Tuesday, December 28, 2010

Six Decades after Fahrenheit 451


Six Decades after Fahrenheit 451



Ray Bradbury wrote Fahrenheit 451 nearly sixty years ago, but it is as eerily relevant today as the day it came off the press. The dystopian America of Bradbury’s breakthrough novel is a place where floor-to-ceiling televisions blare fake reality shows, where the minimum speed limit is 55 mph, and teenagers get their kicks killing each other.
This America is a police state that is forever at war or on the brink of war, including nuclear conflict. It is also, famously, a society in which books have been outlawed, and the job of firemen is to burn not only books but also the houses that conceal them and, sometimes, the inhabitants.
The plot is well known: a fireman, Guy Montag, is shocked by his wife’s attempted suicide into wondering why a society so preoccupied with instant gratification produces so many murderous, suicidal, and lonely people.
He begins to read the few books he has been secretly collecting, stolen from the scenes of the fires he’s started during his 10 year career. He finds an old professor of English, who tries to explain why books are both valuable and dangerous. “Books were only one type of receptacle where we stored a lot of things we were afraid we might forget,” says Professor Faber.
“There is nothing magical in them at all. The magic is only in what books say, how they stitched the patches of the universe together into one garment for us.”
In a wonderful bit of thematic juxtaposition, the professor tells Montag the same thing his commanding officer, Captain Beatty, tells him: the effort to ban the printed word didn’t originate with a repressive government; it was bottom up, stemming from the public’s desire to ignore difficult information.
“Remember, the firemen are rarely necessary.
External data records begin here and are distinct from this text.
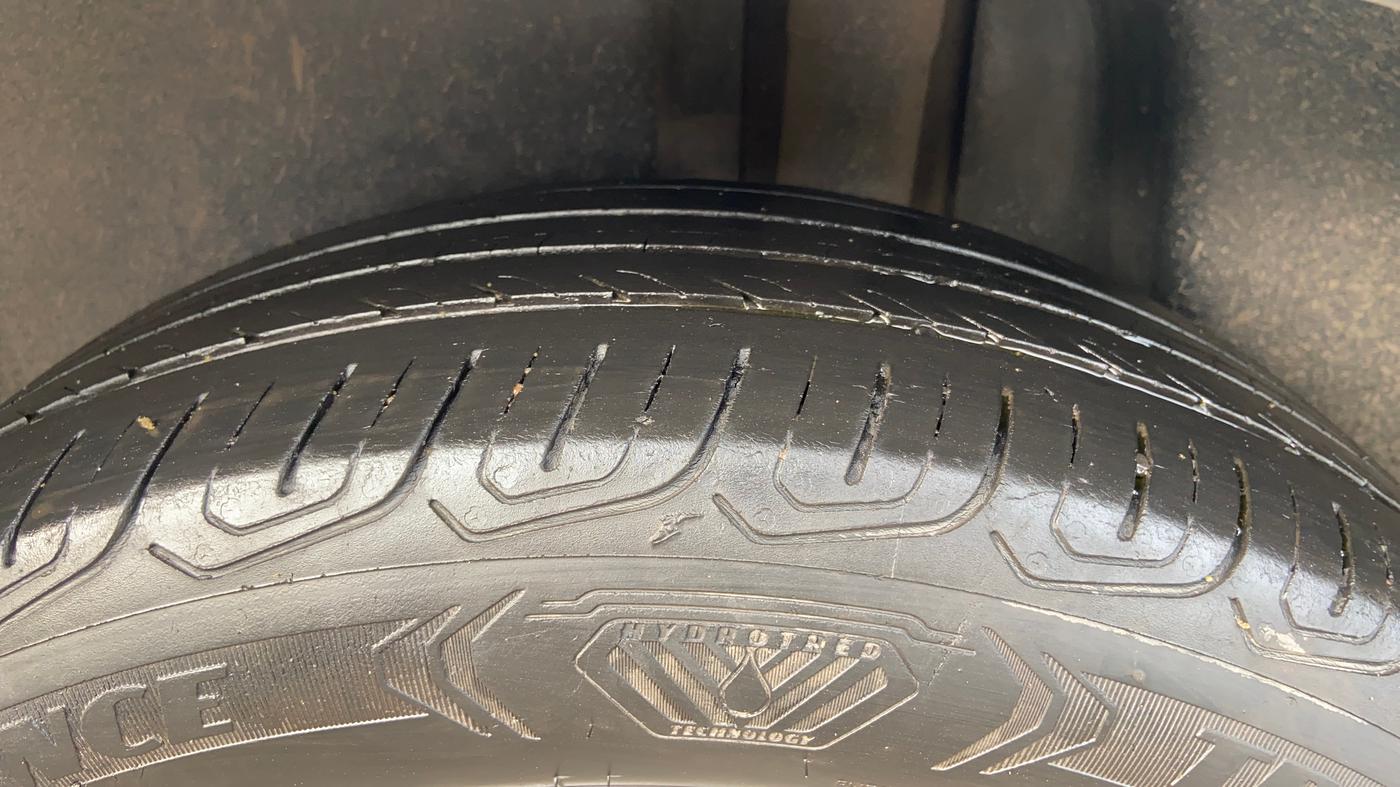 2021 Skoda KUSHAQ STYLE 1.0L TSI AT, Petrol, Automatic, 41,889 km, Left Rear Tyre Tread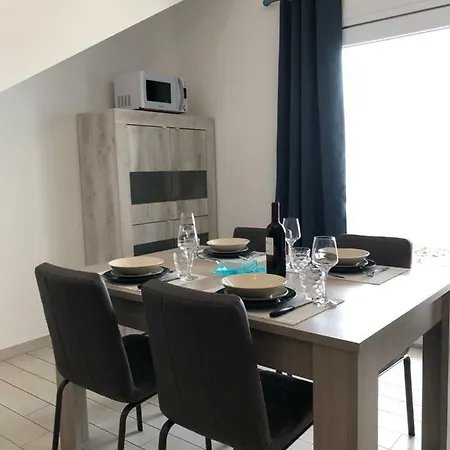 Apartamento Tramonto Sea-front Valledoria (Sardinia)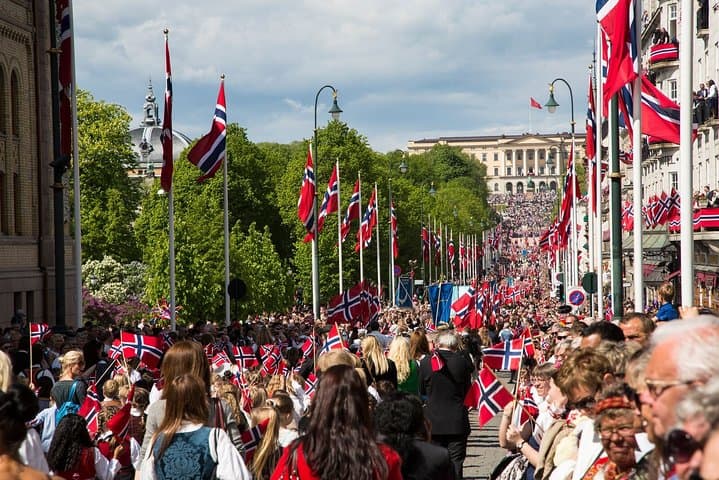Oslo Private VIP Minivan & Fjord City Tour — 4‑Hour Guided Experience photo 5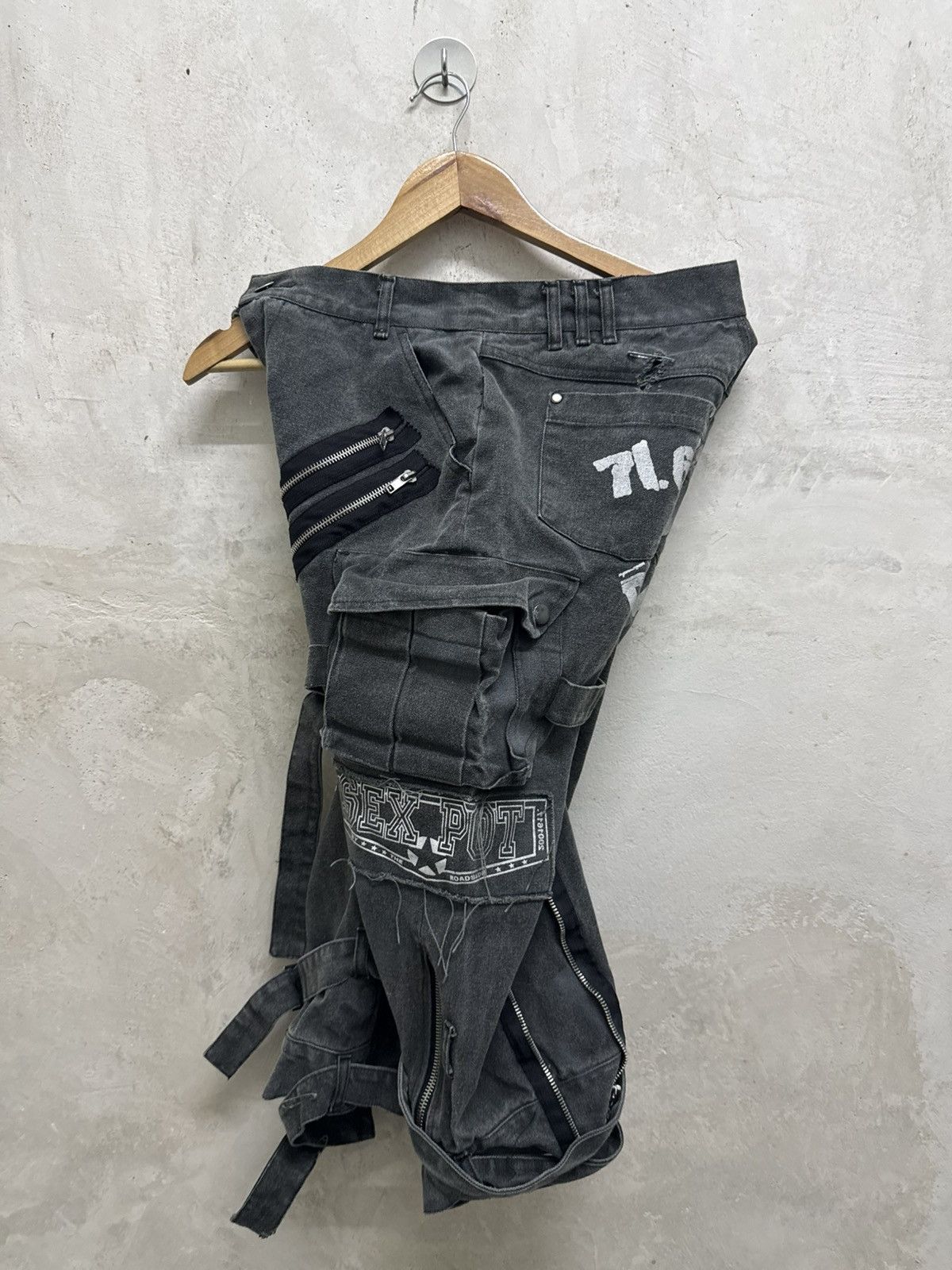 Sex Pot ReVeNGe ☠️ Sex Pot Revenge Distressed Bondage Punk Jorts Size US 30 / EU 46 - 4 Thumbnail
The public stopped reading of its own accord,” he explains. “I remember the newspapers dying like huge moths. No one wanted them back. No one missed them. And then the Government, seeing how advantageous it was to have people reading only about passionate lips and the fist in the stomach, circled the situation with your fire-eaters.”
We don’t have a state-run media, and there’s a wealth of great journalism available to the American consumer today, although finding it takes more effort than it should. Sadly, few people make the effort. Many more choose, instead, to read and watch only the media that presents the world in a context with which they personally agree. So, the Right watches FOX News and reads The Wall Street Journal, while the Left watches MSNBC and reads The New York Times. Is there not something similar in the manipulation of information described by Captain Beatty?